The use of these products is subject to a set of European and French regulatory texts. We will only mention the main ones. The European Union has confirmed the drug status with its inherent obligations for ITMs (N° 1394/2007). Directive N° 2004/23 / EC sets quality and safety standards at the different stages of ITM preparation. French law has introduced European directives into national legislation and has supplemented them, often making them even more restrictive. Thus, Law N^o2011-302 introduced the ITM in the Public Health Code (CSP) and decrees N^o2012/136 and 2016/1536 completed the Law. France has enacted the laws of bioethics, of which the last of August 6, 2013 amending the law No. 2011-814 regulates the use of ESC.

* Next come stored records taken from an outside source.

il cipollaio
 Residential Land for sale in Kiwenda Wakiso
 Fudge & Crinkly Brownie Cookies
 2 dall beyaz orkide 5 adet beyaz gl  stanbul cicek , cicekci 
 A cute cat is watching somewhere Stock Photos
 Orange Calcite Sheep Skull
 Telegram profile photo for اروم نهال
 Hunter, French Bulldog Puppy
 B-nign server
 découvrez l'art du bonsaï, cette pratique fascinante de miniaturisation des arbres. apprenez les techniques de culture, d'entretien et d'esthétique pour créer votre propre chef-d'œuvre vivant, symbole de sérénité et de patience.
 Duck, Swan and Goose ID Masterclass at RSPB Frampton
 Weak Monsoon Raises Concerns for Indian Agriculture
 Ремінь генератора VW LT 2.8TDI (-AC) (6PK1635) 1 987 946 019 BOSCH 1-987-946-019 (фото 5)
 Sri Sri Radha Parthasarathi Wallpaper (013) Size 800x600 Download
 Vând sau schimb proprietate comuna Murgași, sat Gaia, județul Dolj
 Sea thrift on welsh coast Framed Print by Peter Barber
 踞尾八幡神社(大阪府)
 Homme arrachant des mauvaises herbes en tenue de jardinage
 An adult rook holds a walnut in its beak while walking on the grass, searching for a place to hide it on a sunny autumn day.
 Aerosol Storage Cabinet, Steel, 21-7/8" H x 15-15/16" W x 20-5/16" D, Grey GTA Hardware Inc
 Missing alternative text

The creator of an ITM must, in accordance with this regulation, go through 3 steps to introduce it on the market and obtain its reimbursement. The first is the authorization to launch therapeutic trials that follows a national process. A double authorization is necessary. It is given independently by 2 bodies, the “ Comité de protection des personnes ” (Committee for the Protection of Persons, CPP) suitable for Biomedical Research and the NASM. The first verifies that all the requirements of the Law on the Protection of these persons, including the informed consent of the subjects, have been respected. The second takes the opinion of the BMA and, in case of genetic manipulation, of the “ Haut conseil des biotechnologies ” (High Council of Biotechnology). It also uses external experts. The final decision is known after about 6 months. The second stage of marketing authorization depends on the European Medicines Agency, which takes advice from the Committee for Advanced Therapies. With regard to reimbursement, we return to a national process that falls under the “ Commission de la transparence de la Haute Autorité de Santé, HAS (Transparency Commission of the High Health Authority). The latter takes the opinion of the “ Union nationale des caisses d’assurance maladie “(National Union of Health Insurance Funds) and the “ Comité économique des produits de santé ” (Economic Committee of Health Products), then decides on the price and the rate of care.

At the end of this report, the two academies formulate a series of recommendations concerning the legislation and the support of startups.